Records for the task.
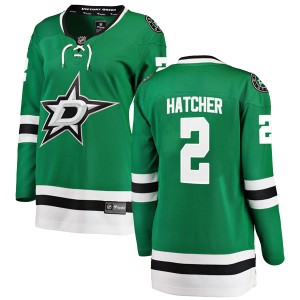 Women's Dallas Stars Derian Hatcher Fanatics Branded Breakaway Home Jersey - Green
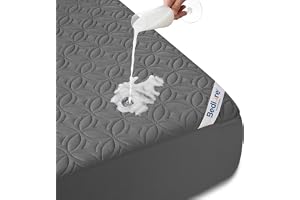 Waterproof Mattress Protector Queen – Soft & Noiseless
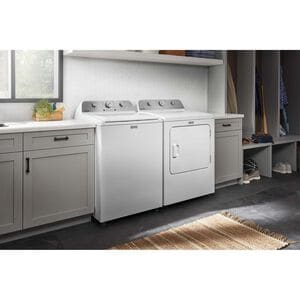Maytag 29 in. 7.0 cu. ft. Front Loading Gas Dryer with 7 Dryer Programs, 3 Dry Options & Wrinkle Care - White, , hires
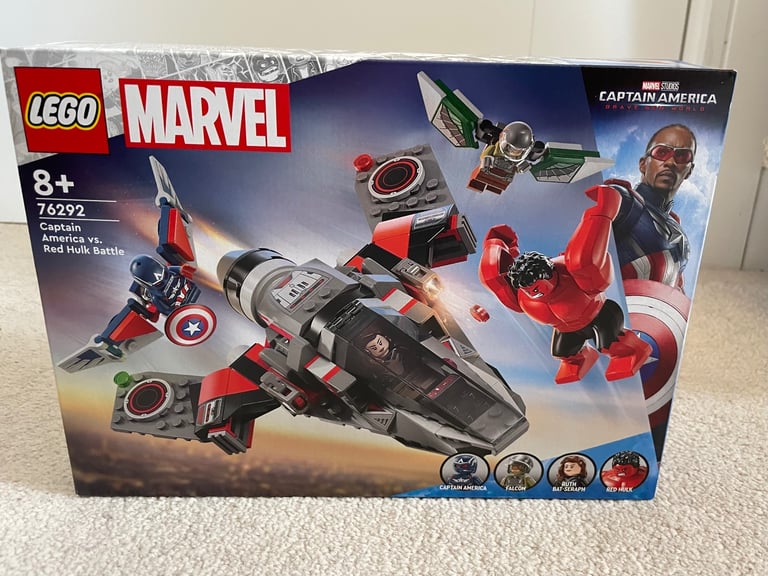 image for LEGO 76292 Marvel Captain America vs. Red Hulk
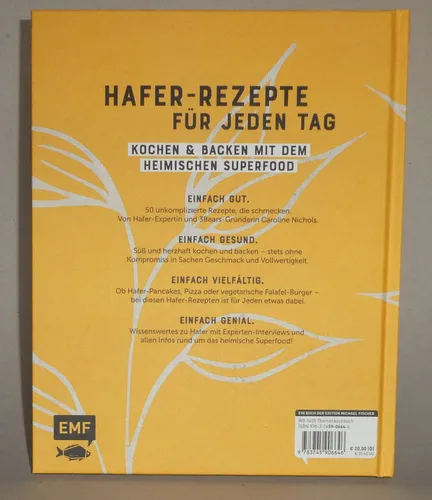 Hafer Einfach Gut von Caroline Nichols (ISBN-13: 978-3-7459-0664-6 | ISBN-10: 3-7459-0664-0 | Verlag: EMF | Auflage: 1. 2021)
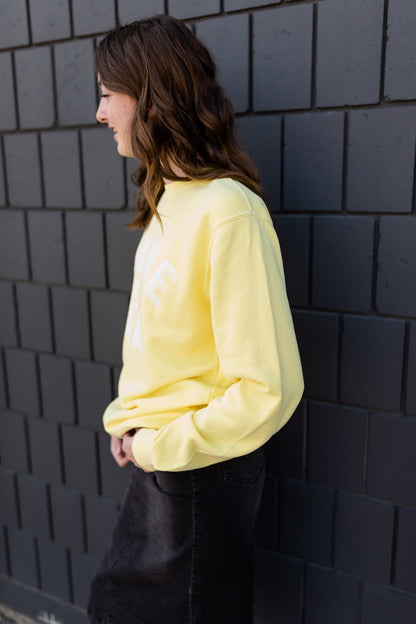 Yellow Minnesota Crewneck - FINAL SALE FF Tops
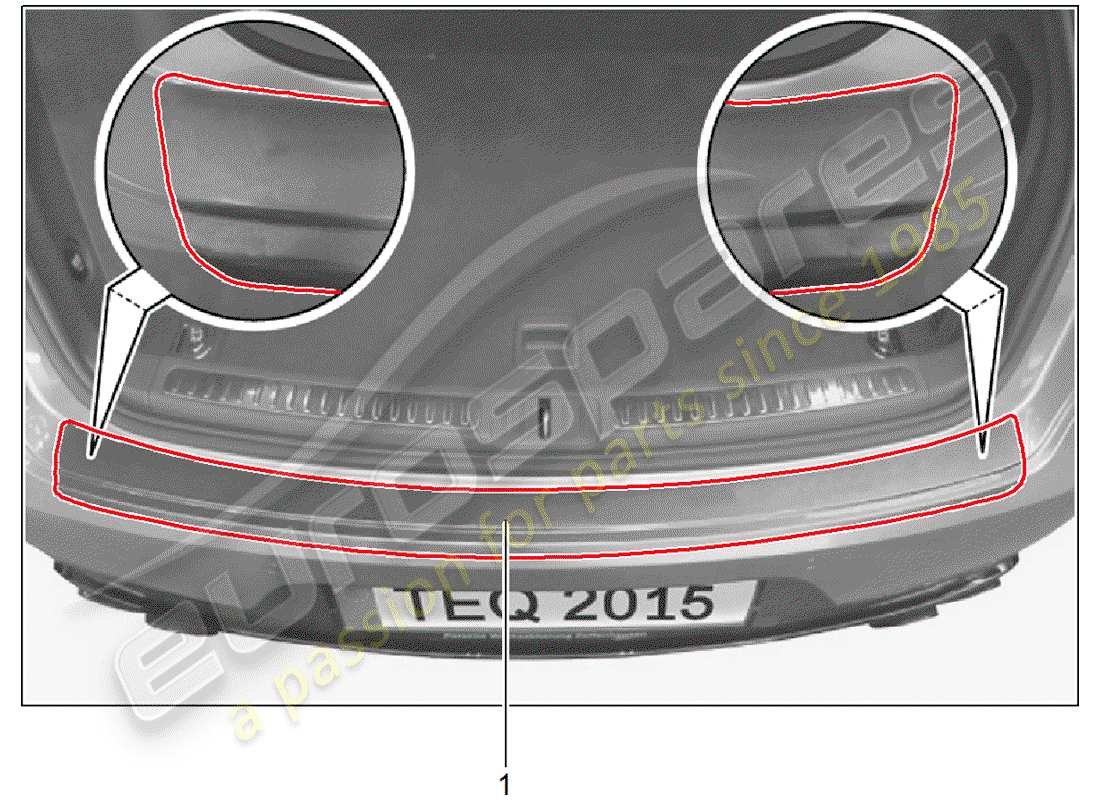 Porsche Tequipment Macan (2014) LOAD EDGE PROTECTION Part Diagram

Task item. Print the stretch of the data from the line with "image for LEGO" through its last line, exactly and with both ends kept. Omit pictures.

Answer below.
 image for LEGO 76292 Marvel Captain America vs. Red Hulk
 Hafer Einfach Gut von Caroline Nichols (ISBN-13: 978-3-7459-0664-6 | ISBN-10: 3-7459-0664-0 | Verlag: EMF | Auflage: 1. 2021)
 Yellow Minnesota Crewneck - FINAL SALE FF Tops
 Porsche Tequipment Macan (2014) LOAD EDGE PROTECTION Part Diagram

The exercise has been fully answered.